In 2008, the owners of Scrabble sued the Agarwallas for copyright infringement, and Scrabulous was shut down. Not long after that the Agarwallas rereleased the game under the name Lexulous. But the damage had been done, according to Scott Steinberg, a mobile games analyst and head of strategic consulting firm TechSavvy. “The lawsuits derailed them at a crucial growth phase,” Steinberg says.

“Words With Friends came at the right moment for mobile games,” Steinberg adds. “It spans different ages and backgrounds, and with the asynchronous play, people might spend quite a bit of time with it, spread out in chunks through the day.”

The owners of Scrabble (Hasbro in the U.S. and Canada, Mattel elsewhere) have mobile games that compete with Words With Friends, but they haven’t been as popular. “Some of those titles are polished efforts, but they have failed to recognize that you need to provide accessibility and convenience,” Steinberg says, adding that Zynga’s line has always kept the focus on “friends,” with simple menus and no option to play a computer, which complicates things.

Hasbro did not return requests for comment on this story. Jayant Agarwalla of Lexulous told Fast Company via email, “When we first saw Words With Friends, we realized they had done an amazing job.

“They did three very important things (that we are trying to do now in our relaunch): They removed unnecessary and less-used features, such as picking opponents, setting up challenge mode games, selecting a dictionary, etc. Next, they had a smooth, top-notch interface that made it a breeze starting games and ensuring the learning curve was small. Finally, they had all the tools required for a viral effect, i.e., multiple sharing options, ability to start games with people on the contact list, etc. All combined, it was a winning formula.”

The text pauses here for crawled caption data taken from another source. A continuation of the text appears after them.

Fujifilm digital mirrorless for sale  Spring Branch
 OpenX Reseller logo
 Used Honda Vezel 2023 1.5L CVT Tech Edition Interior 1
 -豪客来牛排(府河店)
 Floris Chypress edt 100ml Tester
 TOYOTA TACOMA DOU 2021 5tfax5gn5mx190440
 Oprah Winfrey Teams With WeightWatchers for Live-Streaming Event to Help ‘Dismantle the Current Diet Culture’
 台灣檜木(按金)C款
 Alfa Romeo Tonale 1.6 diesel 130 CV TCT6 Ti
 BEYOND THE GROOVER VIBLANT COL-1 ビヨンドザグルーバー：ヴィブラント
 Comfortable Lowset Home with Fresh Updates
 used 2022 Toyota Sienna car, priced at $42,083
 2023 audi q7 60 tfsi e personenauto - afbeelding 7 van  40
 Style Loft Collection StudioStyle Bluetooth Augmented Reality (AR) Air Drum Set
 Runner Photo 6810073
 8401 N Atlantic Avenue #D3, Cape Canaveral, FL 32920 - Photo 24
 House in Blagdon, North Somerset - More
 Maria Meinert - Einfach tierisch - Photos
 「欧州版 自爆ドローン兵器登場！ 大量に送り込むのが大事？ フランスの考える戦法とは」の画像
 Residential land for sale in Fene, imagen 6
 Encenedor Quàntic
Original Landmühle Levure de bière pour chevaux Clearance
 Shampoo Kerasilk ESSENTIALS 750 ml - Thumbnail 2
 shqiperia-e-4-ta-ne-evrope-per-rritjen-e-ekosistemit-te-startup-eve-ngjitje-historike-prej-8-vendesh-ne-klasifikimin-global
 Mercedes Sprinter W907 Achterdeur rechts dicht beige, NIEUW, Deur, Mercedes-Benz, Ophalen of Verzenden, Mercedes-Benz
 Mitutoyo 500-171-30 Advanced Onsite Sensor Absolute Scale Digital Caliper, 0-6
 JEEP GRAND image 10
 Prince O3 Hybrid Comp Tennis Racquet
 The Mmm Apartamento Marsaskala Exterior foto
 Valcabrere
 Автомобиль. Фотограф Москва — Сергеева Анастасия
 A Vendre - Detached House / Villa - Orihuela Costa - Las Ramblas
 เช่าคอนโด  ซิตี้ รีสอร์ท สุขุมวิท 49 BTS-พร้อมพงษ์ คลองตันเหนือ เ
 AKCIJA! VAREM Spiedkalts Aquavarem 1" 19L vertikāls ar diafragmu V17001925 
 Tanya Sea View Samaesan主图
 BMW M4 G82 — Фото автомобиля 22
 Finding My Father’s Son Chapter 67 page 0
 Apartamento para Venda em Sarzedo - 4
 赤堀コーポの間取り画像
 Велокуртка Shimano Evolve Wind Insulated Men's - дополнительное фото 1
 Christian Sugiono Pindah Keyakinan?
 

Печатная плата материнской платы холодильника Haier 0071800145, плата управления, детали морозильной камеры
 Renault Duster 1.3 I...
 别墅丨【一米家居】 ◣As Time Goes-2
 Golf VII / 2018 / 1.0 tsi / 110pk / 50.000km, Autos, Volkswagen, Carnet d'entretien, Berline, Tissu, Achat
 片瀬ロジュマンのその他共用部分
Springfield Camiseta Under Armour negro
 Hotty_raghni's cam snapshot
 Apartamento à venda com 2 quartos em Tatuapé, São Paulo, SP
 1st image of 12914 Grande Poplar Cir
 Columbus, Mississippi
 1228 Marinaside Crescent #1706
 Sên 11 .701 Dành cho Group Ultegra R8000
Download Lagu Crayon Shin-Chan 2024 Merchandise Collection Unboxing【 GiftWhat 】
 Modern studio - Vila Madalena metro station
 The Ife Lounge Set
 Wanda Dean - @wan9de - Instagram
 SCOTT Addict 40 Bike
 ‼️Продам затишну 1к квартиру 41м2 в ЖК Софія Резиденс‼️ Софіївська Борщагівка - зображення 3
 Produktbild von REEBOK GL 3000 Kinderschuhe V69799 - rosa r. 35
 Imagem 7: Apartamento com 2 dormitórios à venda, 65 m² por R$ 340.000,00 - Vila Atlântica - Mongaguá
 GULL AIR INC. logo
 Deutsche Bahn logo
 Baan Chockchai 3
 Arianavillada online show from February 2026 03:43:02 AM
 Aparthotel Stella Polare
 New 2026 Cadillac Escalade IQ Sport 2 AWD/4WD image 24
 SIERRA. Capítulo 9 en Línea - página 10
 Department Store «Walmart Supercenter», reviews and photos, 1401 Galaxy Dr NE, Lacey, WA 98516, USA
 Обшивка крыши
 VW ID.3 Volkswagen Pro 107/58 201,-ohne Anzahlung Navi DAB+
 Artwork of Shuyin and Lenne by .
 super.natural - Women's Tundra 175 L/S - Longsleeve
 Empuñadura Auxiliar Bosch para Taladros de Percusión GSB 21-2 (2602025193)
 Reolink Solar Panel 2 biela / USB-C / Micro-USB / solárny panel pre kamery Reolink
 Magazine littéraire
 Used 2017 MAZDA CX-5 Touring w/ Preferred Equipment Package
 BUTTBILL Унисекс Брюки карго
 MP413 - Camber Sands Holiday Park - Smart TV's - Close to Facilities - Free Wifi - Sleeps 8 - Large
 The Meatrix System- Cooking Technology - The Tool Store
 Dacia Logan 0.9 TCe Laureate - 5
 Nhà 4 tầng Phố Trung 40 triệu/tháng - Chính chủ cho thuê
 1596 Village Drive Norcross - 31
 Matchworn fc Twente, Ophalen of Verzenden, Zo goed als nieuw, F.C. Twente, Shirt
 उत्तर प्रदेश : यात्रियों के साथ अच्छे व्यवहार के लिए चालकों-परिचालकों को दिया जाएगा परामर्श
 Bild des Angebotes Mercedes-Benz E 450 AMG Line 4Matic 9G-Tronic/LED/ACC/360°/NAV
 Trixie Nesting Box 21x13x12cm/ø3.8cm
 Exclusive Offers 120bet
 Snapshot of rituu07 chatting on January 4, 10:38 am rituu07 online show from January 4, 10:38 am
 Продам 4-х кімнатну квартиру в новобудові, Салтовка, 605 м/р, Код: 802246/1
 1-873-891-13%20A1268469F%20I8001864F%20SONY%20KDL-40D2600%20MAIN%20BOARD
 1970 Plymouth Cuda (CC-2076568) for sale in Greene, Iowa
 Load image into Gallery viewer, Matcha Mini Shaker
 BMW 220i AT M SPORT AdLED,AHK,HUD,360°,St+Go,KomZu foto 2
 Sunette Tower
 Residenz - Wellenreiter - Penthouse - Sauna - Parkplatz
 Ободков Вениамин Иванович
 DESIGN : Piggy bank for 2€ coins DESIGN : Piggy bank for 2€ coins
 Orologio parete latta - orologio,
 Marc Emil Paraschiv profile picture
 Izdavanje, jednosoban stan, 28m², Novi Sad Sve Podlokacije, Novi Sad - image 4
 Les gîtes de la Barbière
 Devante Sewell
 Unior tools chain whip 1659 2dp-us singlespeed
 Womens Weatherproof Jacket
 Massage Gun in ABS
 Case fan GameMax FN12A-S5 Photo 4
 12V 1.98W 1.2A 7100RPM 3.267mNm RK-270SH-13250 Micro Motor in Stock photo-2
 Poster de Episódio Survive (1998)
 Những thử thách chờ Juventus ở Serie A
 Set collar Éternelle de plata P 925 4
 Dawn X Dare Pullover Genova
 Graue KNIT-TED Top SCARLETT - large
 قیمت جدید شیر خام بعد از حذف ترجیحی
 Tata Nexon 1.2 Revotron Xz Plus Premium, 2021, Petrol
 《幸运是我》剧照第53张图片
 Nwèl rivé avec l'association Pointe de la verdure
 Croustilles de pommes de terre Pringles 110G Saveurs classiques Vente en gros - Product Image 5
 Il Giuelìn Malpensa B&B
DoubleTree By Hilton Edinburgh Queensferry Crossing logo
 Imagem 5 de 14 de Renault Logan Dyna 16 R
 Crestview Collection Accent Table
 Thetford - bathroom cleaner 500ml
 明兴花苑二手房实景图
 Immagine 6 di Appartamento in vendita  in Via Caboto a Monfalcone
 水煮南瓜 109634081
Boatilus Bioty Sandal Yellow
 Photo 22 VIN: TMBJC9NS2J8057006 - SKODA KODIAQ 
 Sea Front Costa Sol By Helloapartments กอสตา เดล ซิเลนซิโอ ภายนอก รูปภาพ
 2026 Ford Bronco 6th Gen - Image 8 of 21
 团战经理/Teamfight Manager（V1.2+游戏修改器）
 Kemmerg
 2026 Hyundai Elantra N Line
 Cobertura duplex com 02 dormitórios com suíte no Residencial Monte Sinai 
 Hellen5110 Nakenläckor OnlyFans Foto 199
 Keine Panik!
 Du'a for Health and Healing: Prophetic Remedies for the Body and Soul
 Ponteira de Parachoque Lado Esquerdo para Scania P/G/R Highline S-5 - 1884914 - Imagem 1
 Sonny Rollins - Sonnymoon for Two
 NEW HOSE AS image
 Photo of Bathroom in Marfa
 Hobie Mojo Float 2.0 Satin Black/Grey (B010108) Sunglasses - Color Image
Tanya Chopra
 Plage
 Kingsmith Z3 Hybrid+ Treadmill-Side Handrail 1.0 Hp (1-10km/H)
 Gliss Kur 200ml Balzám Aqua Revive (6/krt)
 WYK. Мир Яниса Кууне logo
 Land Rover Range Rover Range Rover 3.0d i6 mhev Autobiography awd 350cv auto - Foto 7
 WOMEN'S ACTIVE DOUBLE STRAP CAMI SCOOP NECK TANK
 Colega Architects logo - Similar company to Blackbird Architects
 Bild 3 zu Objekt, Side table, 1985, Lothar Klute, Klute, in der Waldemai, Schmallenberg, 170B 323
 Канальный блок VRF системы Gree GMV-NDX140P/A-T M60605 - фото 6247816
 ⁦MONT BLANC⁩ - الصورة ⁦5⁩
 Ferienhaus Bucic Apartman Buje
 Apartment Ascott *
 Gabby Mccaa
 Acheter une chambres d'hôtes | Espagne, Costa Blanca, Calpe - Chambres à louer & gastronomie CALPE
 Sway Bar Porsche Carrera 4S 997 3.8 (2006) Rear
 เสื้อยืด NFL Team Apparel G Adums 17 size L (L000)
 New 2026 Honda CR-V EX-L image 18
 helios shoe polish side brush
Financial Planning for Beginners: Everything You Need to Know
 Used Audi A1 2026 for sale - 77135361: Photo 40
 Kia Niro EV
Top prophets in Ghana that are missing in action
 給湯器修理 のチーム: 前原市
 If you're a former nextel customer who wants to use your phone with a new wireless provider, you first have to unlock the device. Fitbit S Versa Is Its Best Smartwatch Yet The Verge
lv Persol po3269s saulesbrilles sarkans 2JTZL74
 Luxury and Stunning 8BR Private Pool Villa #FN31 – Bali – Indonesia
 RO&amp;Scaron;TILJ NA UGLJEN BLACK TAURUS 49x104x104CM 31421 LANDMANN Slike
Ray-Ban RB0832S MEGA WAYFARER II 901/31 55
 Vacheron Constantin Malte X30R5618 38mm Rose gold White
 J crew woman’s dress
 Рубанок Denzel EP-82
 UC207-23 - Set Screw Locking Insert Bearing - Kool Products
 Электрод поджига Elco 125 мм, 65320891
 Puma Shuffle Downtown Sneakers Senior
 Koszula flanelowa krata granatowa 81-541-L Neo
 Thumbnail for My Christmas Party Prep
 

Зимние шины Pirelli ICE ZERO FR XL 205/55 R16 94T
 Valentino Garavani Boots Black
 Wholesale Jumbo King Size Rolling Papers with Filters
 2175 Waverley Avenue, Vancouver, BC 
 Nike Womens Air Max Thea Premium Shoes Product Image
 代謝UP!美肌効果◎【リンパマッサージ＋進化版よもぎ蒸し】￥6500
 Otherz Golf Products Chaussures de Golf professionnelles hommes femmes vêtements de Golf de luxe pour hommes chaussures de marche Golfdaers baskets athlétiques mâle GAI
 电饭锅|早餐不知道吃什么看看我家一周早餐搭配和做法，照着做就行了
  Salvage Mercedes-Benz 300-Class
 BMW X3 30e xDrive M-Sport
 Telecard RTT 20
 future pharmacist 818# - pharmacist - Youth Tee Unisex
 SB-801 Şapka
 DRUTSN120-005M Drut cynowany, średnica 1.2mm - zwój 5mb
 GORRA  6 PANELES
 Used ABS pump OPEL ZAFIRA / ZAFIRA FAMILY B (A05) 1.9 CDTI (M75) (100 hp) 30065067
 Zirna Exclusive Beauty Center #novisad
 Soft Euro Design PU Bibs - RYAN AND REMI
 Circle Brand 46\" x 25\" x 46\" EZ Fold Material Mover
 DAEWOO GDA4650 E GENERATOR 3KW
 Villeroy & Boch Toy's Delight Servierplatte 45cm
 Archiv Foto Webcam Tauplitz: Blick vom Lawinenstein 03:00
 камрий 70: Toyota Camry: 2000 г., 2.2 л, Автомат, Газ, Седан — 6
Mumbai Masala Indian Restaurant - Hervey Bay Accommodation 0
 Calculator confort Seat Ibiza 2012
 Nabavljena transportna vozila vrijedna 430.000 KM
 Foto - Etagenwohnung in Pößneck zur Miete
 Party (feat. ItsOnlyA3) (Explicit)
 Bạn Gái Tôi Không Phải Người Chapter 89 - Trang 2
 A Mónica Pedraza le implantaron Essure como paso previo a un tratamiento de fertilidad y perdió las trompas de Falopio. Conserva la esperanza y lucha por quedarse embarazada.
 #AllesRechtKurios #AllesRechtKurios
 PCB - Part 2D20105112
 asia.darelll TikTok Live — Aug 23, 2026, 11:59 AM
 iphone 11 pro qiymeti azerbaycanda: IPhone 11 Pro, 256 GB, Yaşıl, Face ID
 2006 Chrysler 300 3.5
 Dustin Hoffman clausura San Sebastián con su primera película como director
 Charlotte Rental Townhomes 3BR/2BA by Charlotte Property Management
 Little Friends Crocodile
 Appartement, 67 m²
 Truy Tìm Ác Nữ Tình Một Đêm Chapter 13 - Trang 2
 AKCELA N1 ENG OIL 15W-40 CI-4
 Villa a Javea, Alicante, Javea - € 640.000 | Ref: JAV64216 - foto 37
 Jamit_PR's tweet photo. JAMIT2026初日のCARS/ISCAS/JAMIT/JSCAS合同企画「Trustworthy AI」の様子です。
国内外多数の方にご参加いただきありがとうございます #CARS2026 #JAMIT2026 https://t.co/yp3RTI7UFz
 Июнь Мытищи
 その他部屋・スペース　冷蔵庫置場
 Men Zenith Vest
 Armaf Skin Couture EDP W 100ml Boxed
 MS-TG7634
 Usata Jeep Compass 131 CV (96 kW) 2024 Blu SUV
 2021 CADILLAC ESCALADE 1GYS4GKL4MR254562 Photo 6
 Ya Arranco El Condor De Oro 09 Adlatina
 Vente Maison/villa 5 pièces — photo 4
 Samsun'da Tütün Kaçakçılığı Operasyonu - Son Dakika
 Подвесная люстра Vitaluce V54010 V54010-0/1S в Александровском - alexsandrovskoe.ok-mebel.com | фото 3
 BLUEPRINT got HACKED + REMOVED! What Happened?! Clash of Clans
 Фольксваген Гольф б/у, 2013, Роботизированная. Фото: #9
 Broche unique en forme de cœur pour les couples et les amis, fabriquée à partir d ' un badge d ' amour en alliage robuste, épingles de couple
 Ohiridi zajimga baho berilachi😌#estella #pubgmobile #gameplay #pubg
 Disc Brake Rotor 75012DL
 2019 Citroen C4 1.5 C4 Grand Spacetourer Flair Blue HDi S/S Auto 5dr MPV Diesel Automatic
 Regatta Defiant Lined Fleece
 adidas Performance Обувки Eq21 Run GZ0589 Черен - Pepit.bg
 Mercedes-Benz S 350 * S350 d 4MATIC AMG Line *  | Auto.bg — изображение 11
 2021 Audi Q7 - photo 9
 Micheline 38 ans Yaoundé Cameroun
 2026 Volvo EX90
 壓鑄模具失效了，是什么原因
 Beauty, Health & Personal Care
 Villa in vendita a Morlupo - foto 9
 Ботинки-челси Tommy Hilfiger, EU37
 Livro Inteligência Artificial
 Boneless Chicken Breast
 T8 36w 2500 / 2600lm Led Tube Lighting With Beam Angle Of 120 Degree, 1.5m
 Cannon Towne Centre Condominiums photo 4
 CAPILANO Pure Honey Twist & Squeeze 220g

The Agarwallas expect to release a streamlined version of Lexulous in the next few weeks. It remains to be seen if the changes will be enough to eat at Words With Friend’s marketshare. For now, Zynga’s title seems to have the right combination of nostalgia for the game you played with your grandma and an interface that makes it well suited to the smartphone environment.

For her part, Megan Lawless said she has so many friends playing Words With Friends these days that she doesn’t have time to play random opponents, although her husband still does. “As long as he doesn’t propose marriage I’m fine with it,” she laughed.